[Opening GIVEN DATA section]

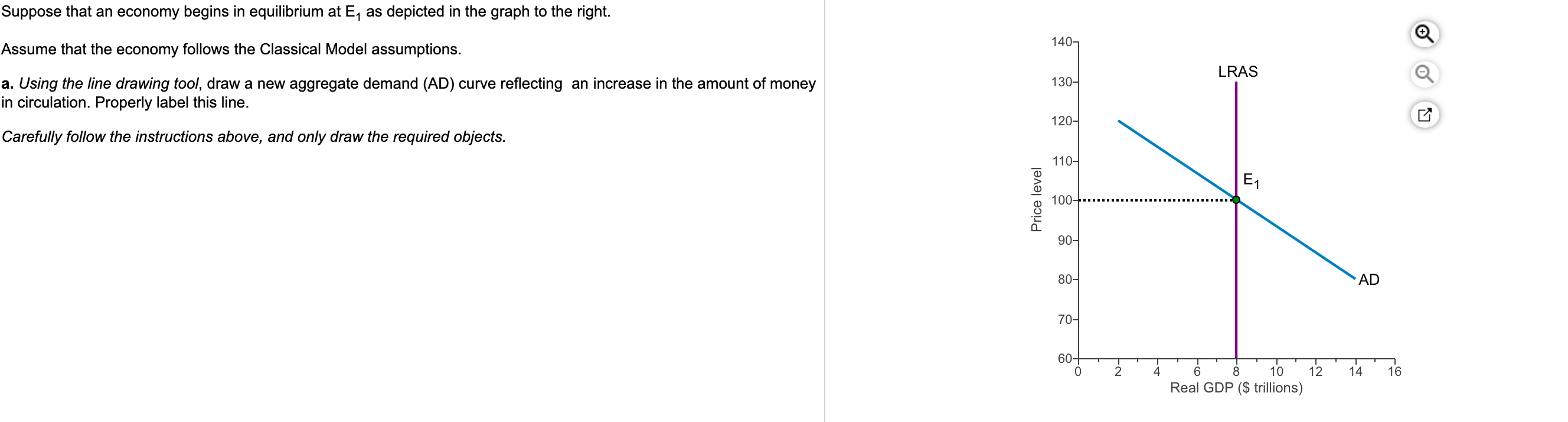 Solved Suppose That An Economy Begins In Equilibrium At E, | Chegg.com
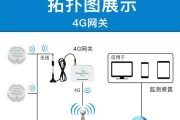 机架无线网关使用视频教程在哪里？如何正确安装和配置？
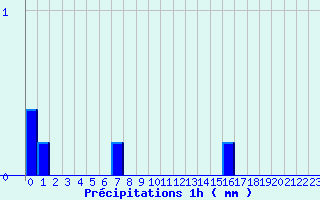 Diagramme des prcipitations pour Mosset (66)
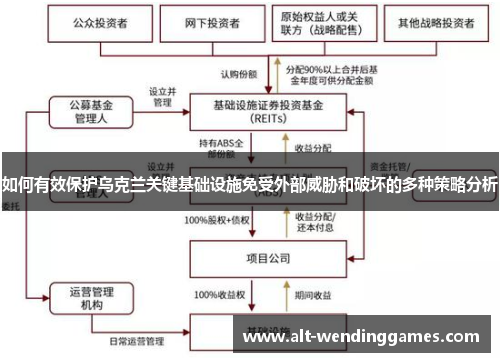 如何有效保护乌克兰关键基础设施免受外部威胁和破坏的多种策略分析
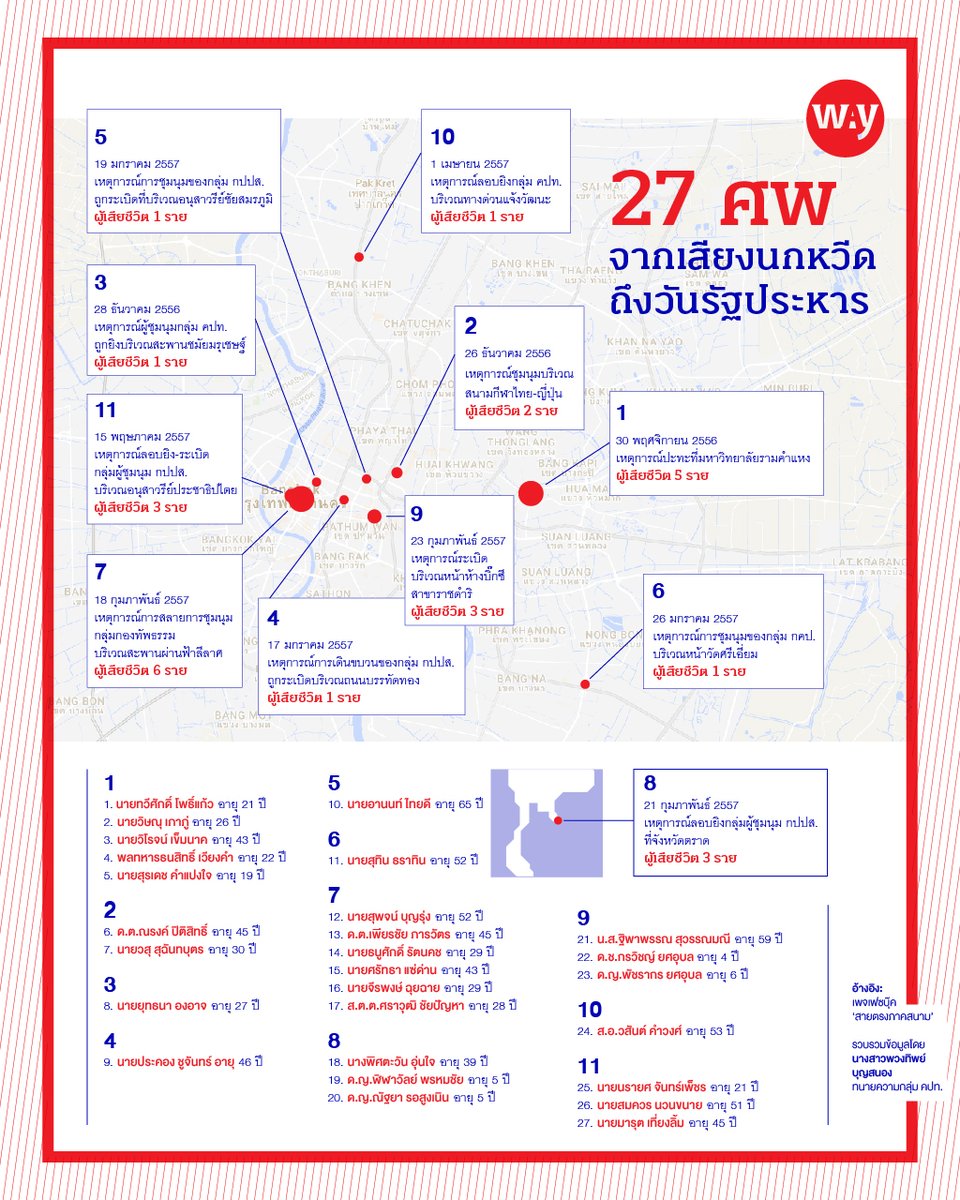สมศักดิ์ เจียม tweet media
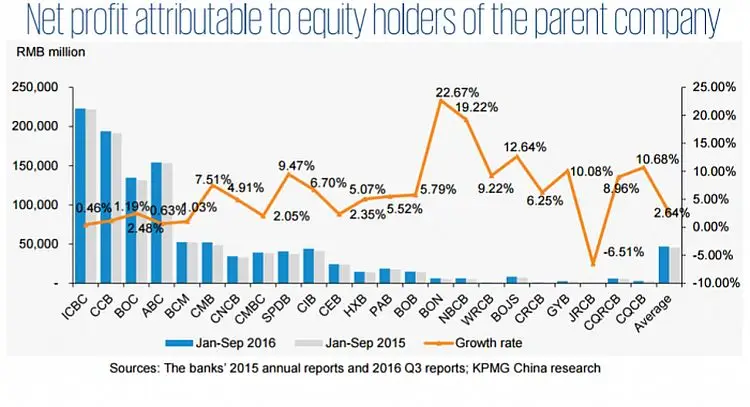прибыльность инвестиций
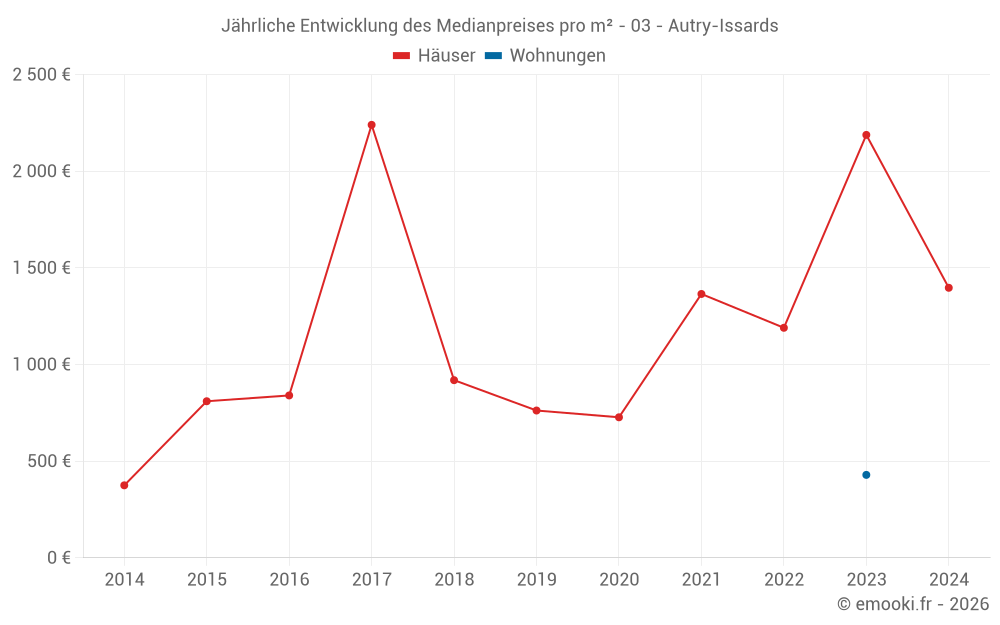 Jährliche Entwicklung des Medianpreises pro m² - 03 - Autry-Issards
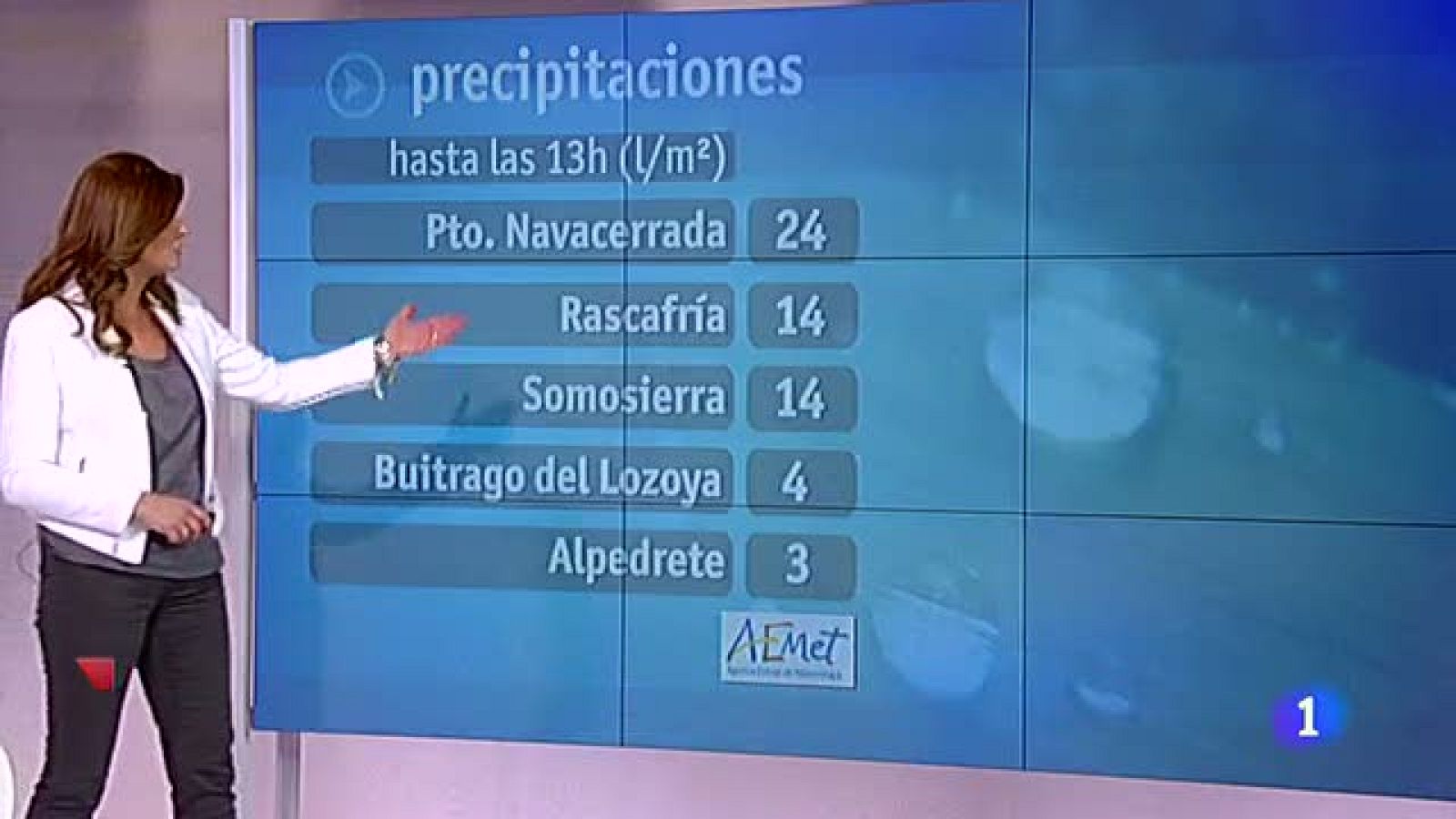 El tiempo en la Comunidad de Madrid - 16/01/13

[Closing GIVEN DATA section]

• **TASK TO CARRY OUT**:
Every entry above is to be repeated word for word, with all pictures omitted.

• **TASK RESULT**:
 Solved Suppose That An Economy Begins In Equilibrium At E, | Chegg.com
 机架无线网关使用视频教程在哪里？如何正确安装和配置？
 Diagramme des prcipitations pour Mosset (66)
 如何有效保护乌克兰关键基础设施免受外部威胁和破坏的多种策略分析
สมศักดิ์ เจียม tweet media
прибыльность инвестиций
 Jährliche Entwicklung des Medianpreises pro m² - 03 - Autry-Issards
 El tiempo en la Comunidad de Madrid - 16/01/13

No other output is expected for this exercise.